Calle 13 picked up a record nine awards at last year’s Latin Grammy Awards, including song and record of the year awards for “Latinoamerica,” a tune that celebrates la cultura latina. And, now the Puerto Rican urban act has been recognized for their global influence.
The hip-hop duo, comprised of step brothers Eduardo Cabra and Rene Perez, has been honored by Argentina’s National University of La Plata for its contributions to popular communication and culture.
“It’s a very big honor” to receive the Rodolfo Walsh prize, which “many musicians in Argentina and Latin America deserve as much or more than I do,” said Perez, a.k.a. Residente, after receiving the award Friday in a ceremony at the university’s School of Journalism.

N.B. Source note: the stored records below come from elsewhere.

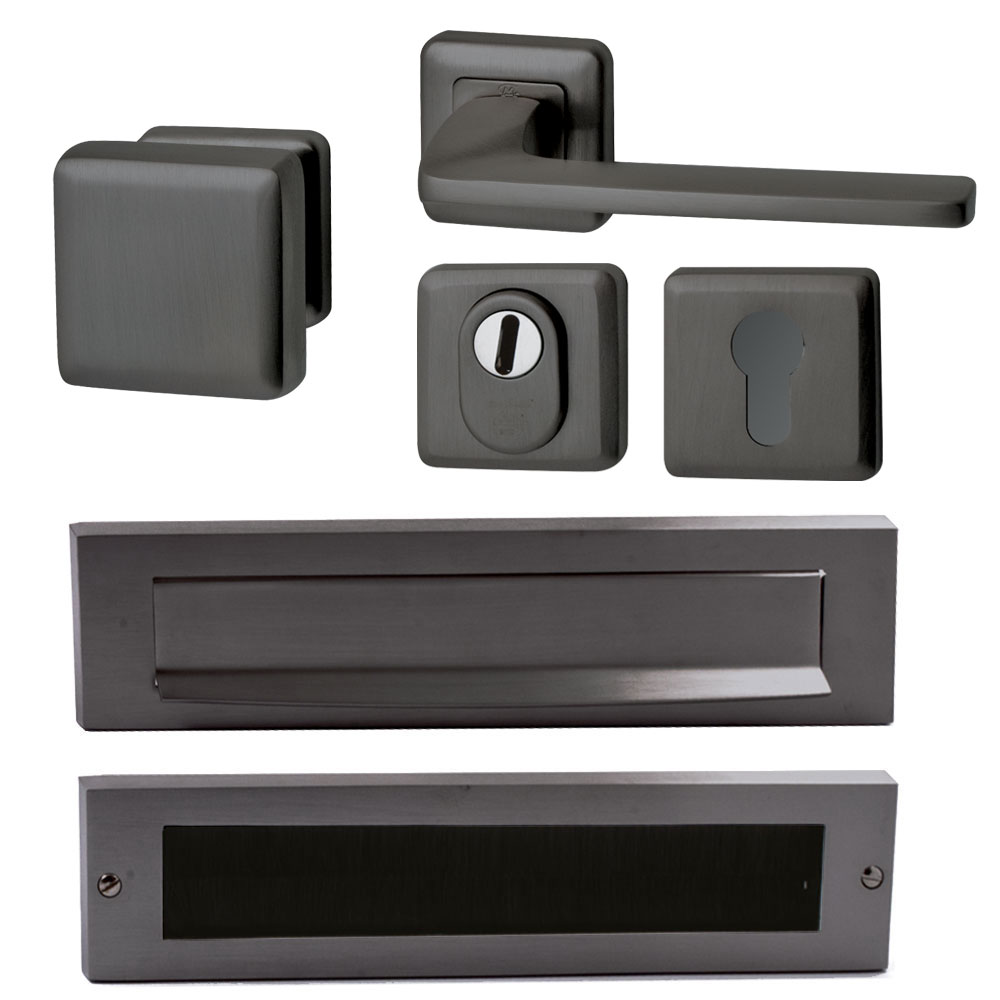 Voordeurset Charley/Zenith compleet rechtswijzend - PVD gun metal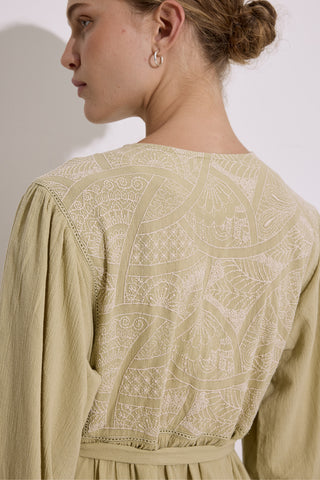 Textured Embroidered Dress Soft Green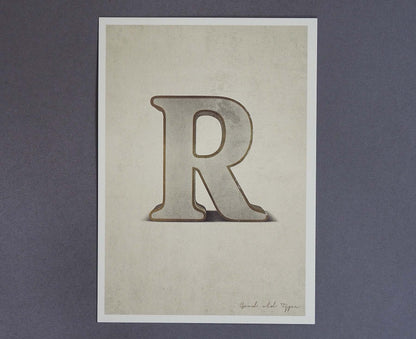 Letter R Salvaged Signage postcard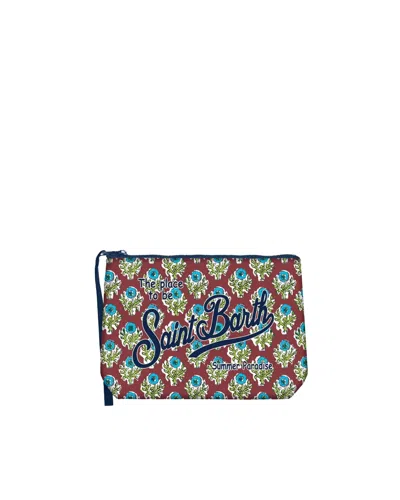 Mc2 Saint Barth Pochette Aline In Scuba Con Stampa Floreale Marrone
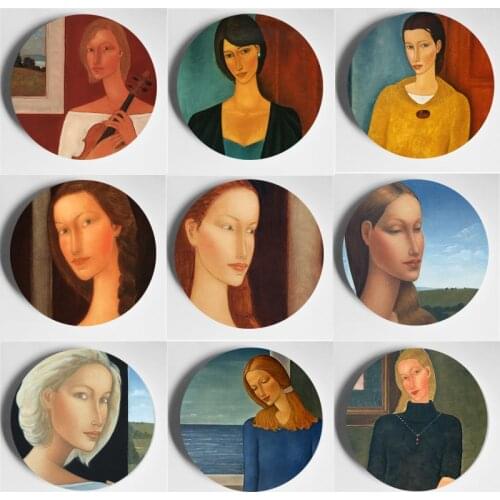 High-Quality Beautiful Wall Plate Roman Zakrzewski Decorative Plate Ceramic Home Living Room Hotel Bar Decorative Art Plate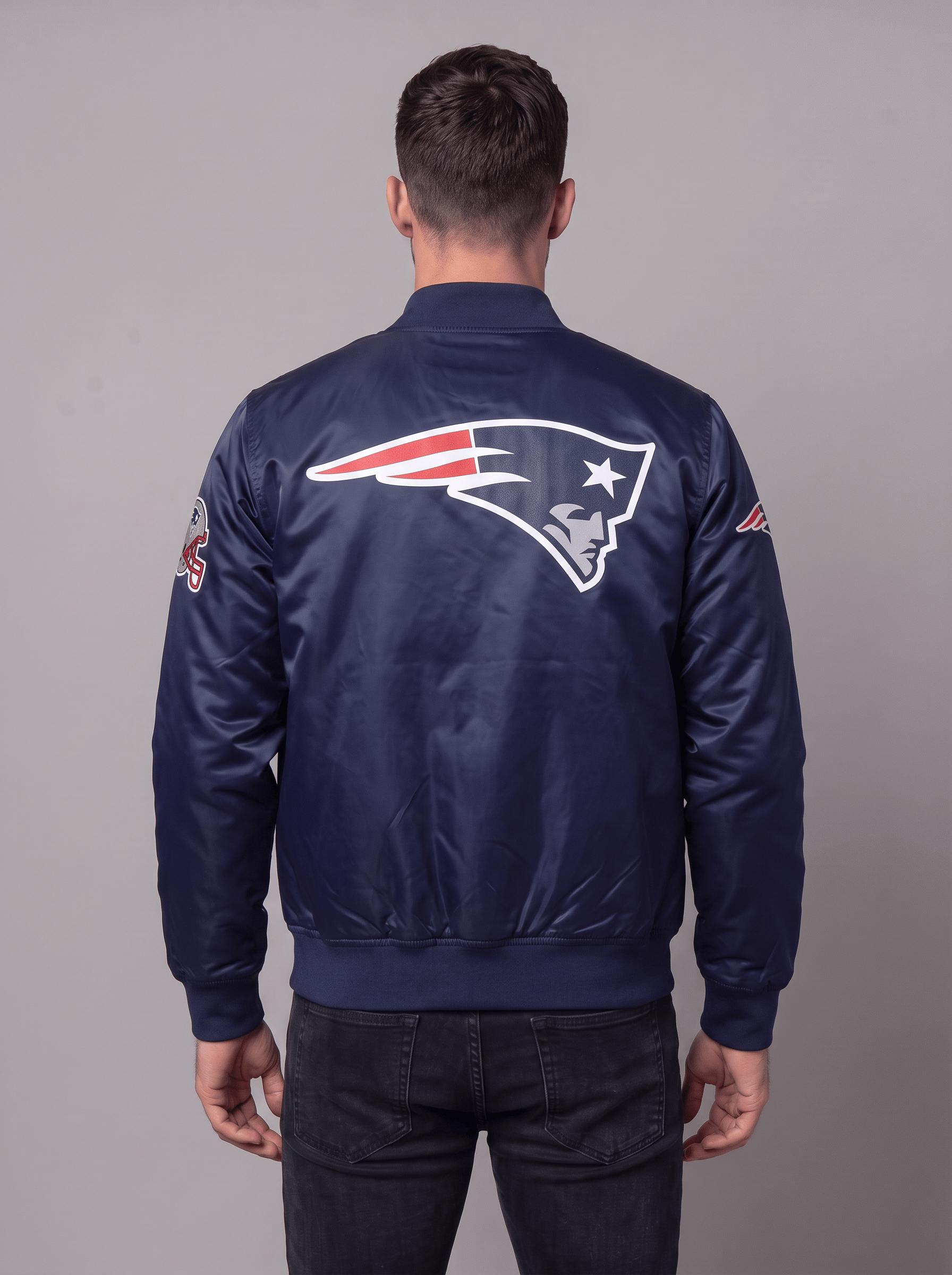 Pro Standard Jackets New England Patriots Pro Standard NFL Big Logo Lightweight Satin Jacket - Navy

The 34-year-old Perez, who said he feels like an “Argentine at heart,” received the prize.
“Don’t be afraid. The social networks and a ton of mechanisms now exist for getting the truth out. Like (slain writer) Rodolfo Walsh said: ‘Journalism is either free or it’s a farce,’” the artist said at the ceremony.
“We reward popular expression, popular culture, the defense of Latin America and therefore we’re acknowledging Calle 13, which is not just another band: it’s a group that stands up to the powerful with its rhythms and uses alternative communication channels,” the school’s dean Florencia Saintout said.
The band, which has won a record 19 Latin Grammy awards, is known for its outspokenness on socio-political issues and favors Puerto Rico’s full independence from the United States, a minority position on the Caribbean island.
Rodolfo Walsh was an Argentine writer, leading critic of the country’s 1976-1983 military regime and one-time militant who died on March 25, 1977, in a shootout with government commandos who ambushed him on a street in Buenos Aires, one day after publishing his bitter “Open Letter” to the military junta on the first anniversary of the armed forces’ seizing power.